Wo aber lernt man das eigentlich alles? "Hier", erklären die Mädchen und deuten auf den großen Raum des Schülerlabors. Wenn sie nicht weiter wissen mit ihrem Projekt, stehen ihnen erfahrene (Ex-)Studenten als Betreuer zur Seite und es gibt regelmäßig Austausch mit anderen Schülerteams, die hier arbeiten. Und für die wenigsten im Team ist es die erste Erfahrung mit dem Labor des Deutschen Zentrums für Luft- und Raumfahrt (DLR) in Zusammenarbeit mit der TU Dresden.

Manche waren bei der "Moon Camp Challenge" dabei, als es darum ging, zu planen, wie man auf dem Mond überleben könnte, oder berichten begeistert vom Funken mit dem Astronauten Matthias Maurer auf der ISS. Bei allen ist der Forscherinnengeist geweckt, entweder durch den Cansat-Wettbewerb, oder schon vorher.

Rahel weiß bereits jetzt, dass sie später gerne im Satellitenbau arbeiten würde, Sophia könnte sich vorstellen, weiter zu programmieren, Linea wird vielleicht (Astro-)Physikerin und auch Charlotte und Elisa sehen ihre Zukunft im naturwissenschaftlichen Bereich beziehungsweise in einem der MINT-Fächer, wo Frauen noch immer deutlich unterrepräsentiert sind.

Dass sie bei diesem Wettbewerb sogar 100 Prozent der Mitglieder von "ClouDDSat" ausmachen, hält die Leiterin des Labors, Dr. Janina Hahn, die das Team zusammengestellt hat, für einen Vorteil.
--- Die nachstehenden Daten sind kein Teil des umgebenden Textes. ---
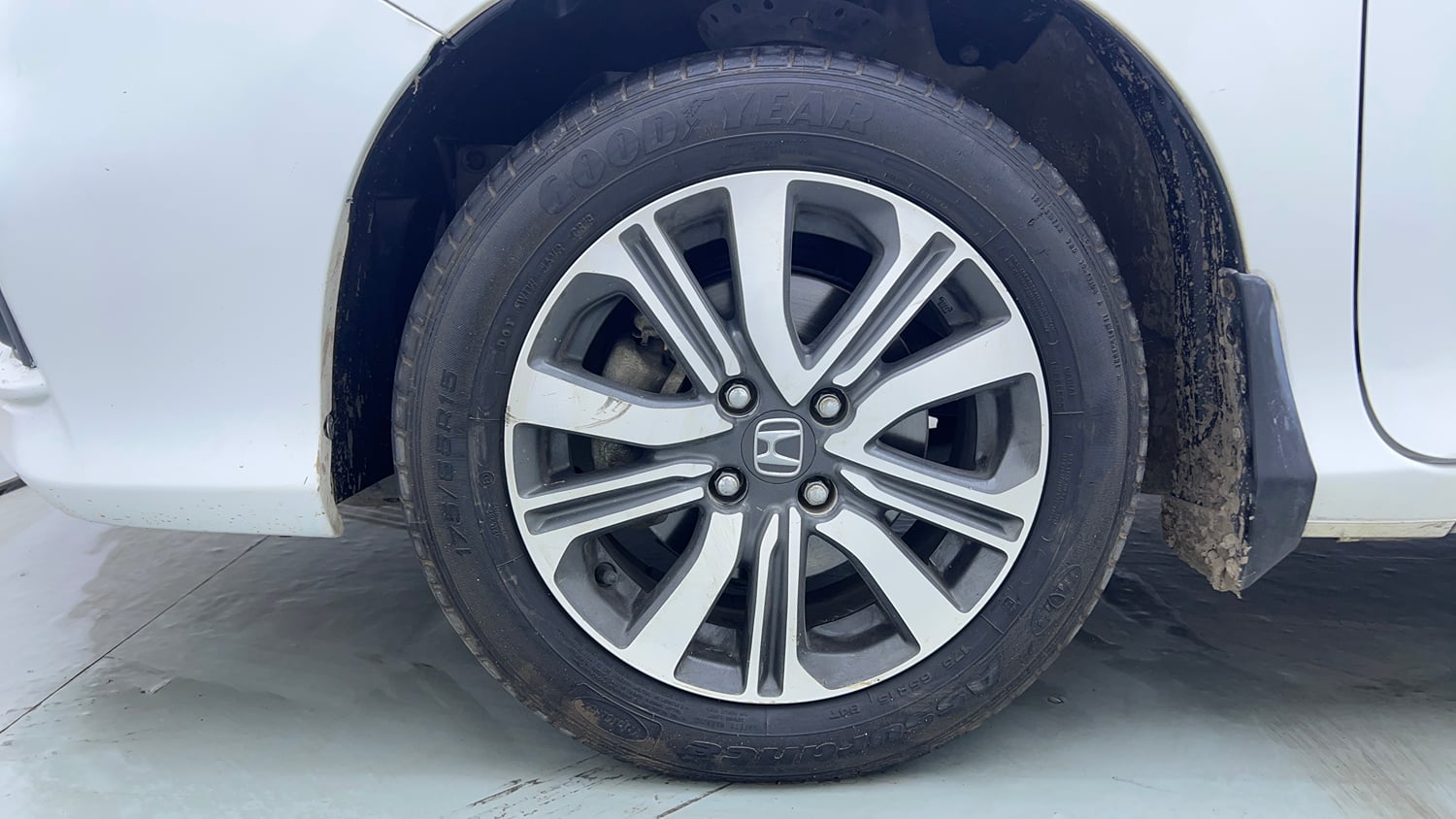 Used 2019 Honda City V CVT Petrol Petrol Automatic tyres LEFT FRONT TYRE RIM VIEW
Sonst drängten sich die Jungen gerne in den Vordergrund und übernähmen wie selbstverständlich die großen Aufgaben, während für die Mädchen nicht mehr so viel bliebe.

Für das ClouDDSat-Team geht es beim Wettbewerb übrigens nicht in erster Linie ums Gewinnen, auch wenn sie dann für die nächste Runde nach Portugal eingeladen würden. "Es geht darum, dass wir lernen, wie das alles funktioniert", sagt Rahel. "Und es macht einfach viel Spaß, zusammen daran zu arbeiten."